Pedro, acho óptimo que se discuta tudo. Sem problemas. Agora, por exemplo, eu posso achar um pouco redutor chamar, por exemplo, à Inquisição ou às Cruzadas de pseudofacto... E acho muito bem que se conteste com Saramago. Agora, ele está a falar da Bíblia e da religião católica, certo? Então, contestemos por aí. No dia em que ele estiver a falar que o comunismo é a melhor coisa que já existiu sobre a terra ou que o Stalin era um herói, também o poderemos contestar. E neste caso eu não duvido de que lado estarei, meu caro! Crimes contra a Humanidade cometidos em nome de um Deus ou de uma ideologia, para mim dá no mesmo.

zedeportugal disse...

Zé de Portugal, quer coisa pior do que justificar um mal com o outro?

João Branco: onde é que você leu no meu comentário que eu estava a tentar justificar um mal com outro mal?
Precavendo que pudesse ser tentado a fazer isso, eu pedi-lhe "uma resposta honesta" (ou uma argumentação honesta, que vai dar no mesmo) à pergunta: "Qual é o deus em nome do qual se fez este massacre?". Quando refiro "este massacre" podia referir-me a todos os que constam da dos registos históricos que linquei e muitos outros... infelizmente.

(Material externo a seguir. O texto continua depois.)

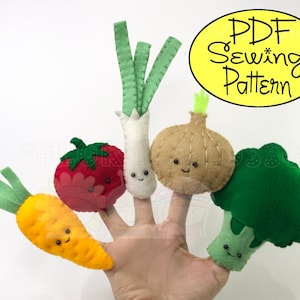 May include: A set of five felt finger puppets shaped like vegetables: a green onion, a red tomato, a brown onion, a green broccoli, and an orange carrot. Each puppet has a smiling face. The puppets are arranged on a hand, with the green onion on the index finger, the tomato on the middle finger, the brown onion on the ring finger, the broccoli on the pinky finger, and the carrot on the thumb. The text "PDF Sewing Pattern" is in a yellow oval in the upper right corner of the image.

Só já no final do seu comentário/resposta afirma:
Em relação à sua última pergunta, bem, sempre pensei que Ele estaria lá em cima, no alto da sua infinita sabedoria, precisamente para impedir que acontecimentos horrendos como esse acontecessem no mundo dos homens. Mas pelos vistos enganei-me!

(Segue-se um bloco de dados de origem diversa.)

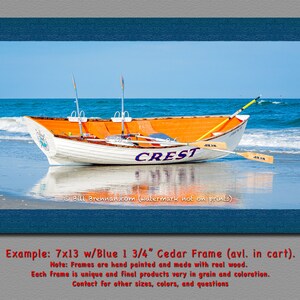 May include: A framed print of a white and orange boat on a beach with the word "CREST" on the side. The boat has two oars and is set against a blue sky and ocean. The frame is blue and the print measures 7x13 inches.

Enganou-se mesmo, certamente por estar pouco informado sobre o questão que quer aqui discutir. Se conhecesse a descrição da antropogénese segundo a Bíblia, saberia que Deus para nos criar verdadeiramente à Sua imagem e semelhança concedeu-nos o mais extraordinário dos poderes: o livre arbítrio. Quer isto dizer que o Homem ficou com o poder de escolher entre o mal e o bem, entre o certo e o errado, entre o construtivo e o destrutivo. Infelizmente, quase sempre escolhe o mal, o errado e o destrutivo. Deus não se contradiz: deu-nos a livre escolha, está dada. É pena aquilo que sempre fizemos e continuamos a fazer com ela.

Anónimo disse...

Eu continua a dizer que Saramago quer é que falemos dele e pelos vistos está a conseguir não é ? Ele disse asneiras (Bíblia é manual de maus costumes) e lugares-comuns (que as religiões provocam guerras). Portanto nada de especial nas afirmações, misturada com ataques á bíblia feito de forma pretensiosa. Aliás ele próprio utiliza o seu espaço para instigar e alimentar a guerra religiosa dizendo que a afirmação sobre a bíbia não iria ter grande impacto entre os católicos pois estes não lêm a bíblia ao contrário de outras religiões.

Unknown disse...

Ou seja, Deus lavou as suas mãos muito bem lavadas. Mas isso eu já sabia, meu caro!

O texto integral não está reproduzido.